Analysis of the Results

 The researcher employed descriptive statistics to assess the data and to establish the interaction between corporate governance and internal controls with regards to the UK economy. A comparison of the J Sainsbury plc performance over years was analyzed as well. To aid the analysis process, Version 17 SPSS software (Statistical Package for Social Sciences) was employed. The data analyst preferred SPSS because of its multiple features and utilities that analyze graphical information and data to produce a systematic outcome. Furthermore, the use of multiple regression models was necessitated by the need to determine the correlation between corporate governance and internal controls (Ott and Longnecker, 2015).
Some of the independent variables considered in the study include the board structure (BC), the size of the board members (NX), the audit committee (AUC), and multiple directorships (CEOD).

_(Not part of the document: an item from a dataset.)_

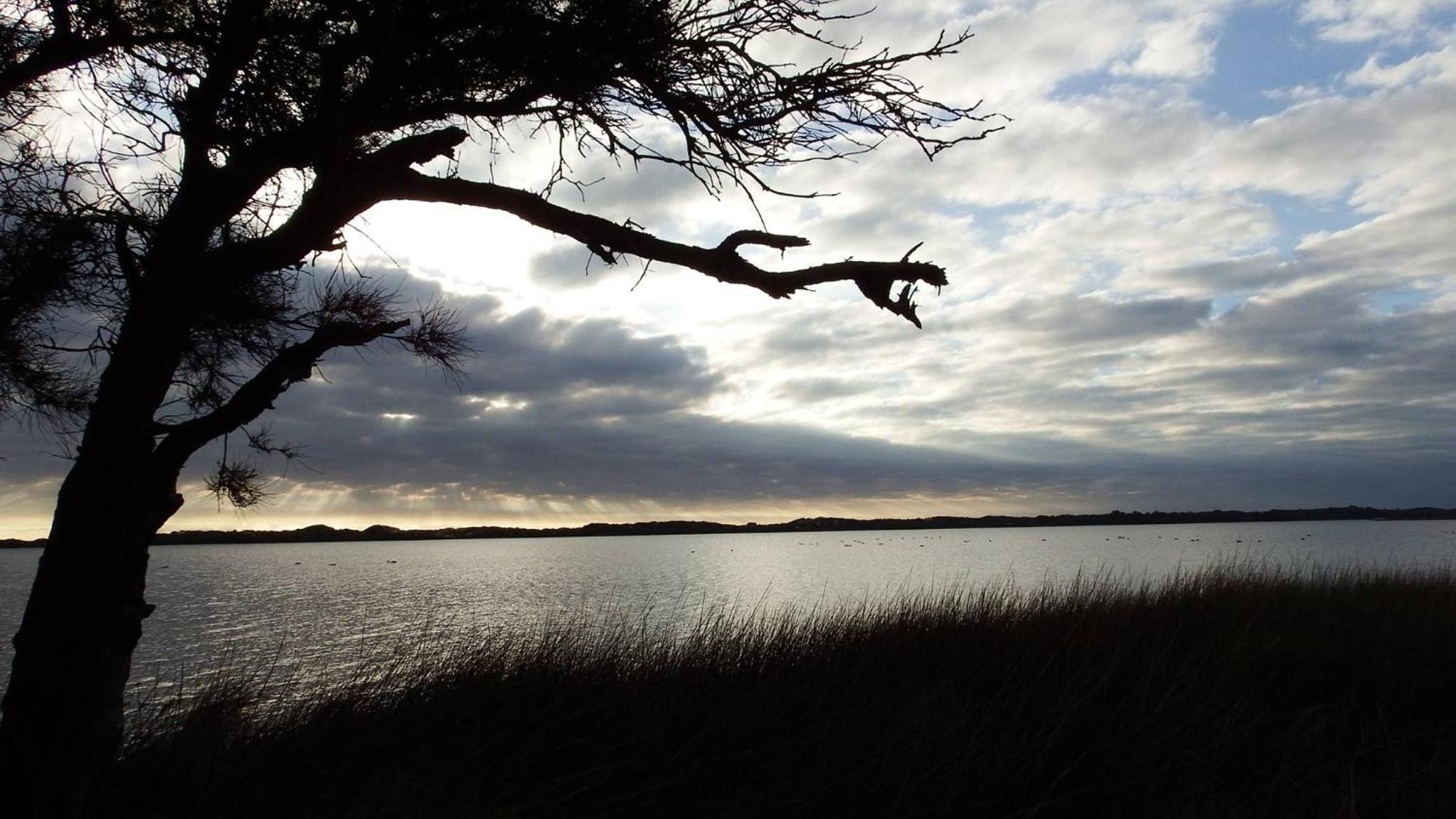 Australind Holiday Park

On the other hand, the dependent variables included the economic conditions (EC) in the UK, control environment (CE), monitoring (M) accounting information and communication (AIC), and risk assessment (RA).
The regression equation for internal controls is:
IC= fn{RA, EC, CA, M, AIC}
The regression equation for corporate governance is:
CG=fn{AUC, NX, BC, CEOD}
The researcher issued a total of 45 questionnaires. For consistency and completeness, the survey questionnaires were counter-checked and edited. Only 42 questionnaires out of 45 used in the sample were returned for analysis, a representation of 93% response rate. On the other hand, the 3 questionnaires that were not returned represented 7% rate of non-response. Standard deviations, means, frequency distributions and percentages are used to present the study outcome. The mean for corporate governance was 52.91 whereas average internal control natural log was 6.5748
Table 1: Descriptive statistics for J Sainsbury Plc.

Correlations

Using the natural log to measure internal control indicated a positive correlation to the control environment log (CE) at 0.6 with the significance of 1%. This conforms to the previous study that suggested the negative correlation between the risk assessment and internal control’s natural log with the significance of 5%. The implication of the negative correlation is that internal controls (IC) accelerated as risk assessment value decreased. Additionally, the natural log of IC was positively correlated with all the independent variables in the study, while fewer governance variables were related. However, their correlations are not indicative of multicollinearity as a significant issue.
The corporate governance variable indicated negative correlation (-0.078 natural log) as per the attributes of corporate governance. Besides, it was insignificant at 1% or 5% level. Early studies applied corporate governance in explanation of internal control variations. However, it is important to note that a risky organization has higher chances of running the risk of audit failure (Solomon et al., 2013). Resultantly, increased audit control will require intensive testing of the audit.
Conclusion
From the study, it can be concluded that Sainsbury Plc incorporated multiple parameters for use in gauging corporate governance and internal controls. The majority of the respondents agreed that the organization (as indicated by the averaged obtained from the inquiry) had instituted a stronger internal control system and excellent corporate governance measures. It is undeniable that there are numerous shortcomings in the previous research, hence a need for cautious interpretation of the research outcome on the role of the board of directors in corporate governance and their attributes (Baysinger and Hoskisson, 2011). Besides, this study confirms that a greater focus is directed towards the financial dimensions of the organizational performance, with little attention given to the formulation of strategies to minimize the impact of economic recessions on the performance of the organization.
According to the opinions of the respondents, it is true that the management gives lesser attention for the social dimensions of the corporate performance. In this area of study, many researchers in previous works offer conflicting information regarding the emphasis laid on business performance while social, cultural, and religious issues remain unexplored. Therefore, it is arguable that there is a wider area in the field for collaborative researchers to explore and to bridge the existing gaps. In a context such as this, corporate governance is amplified through economic and legal institutions alterable through political processes.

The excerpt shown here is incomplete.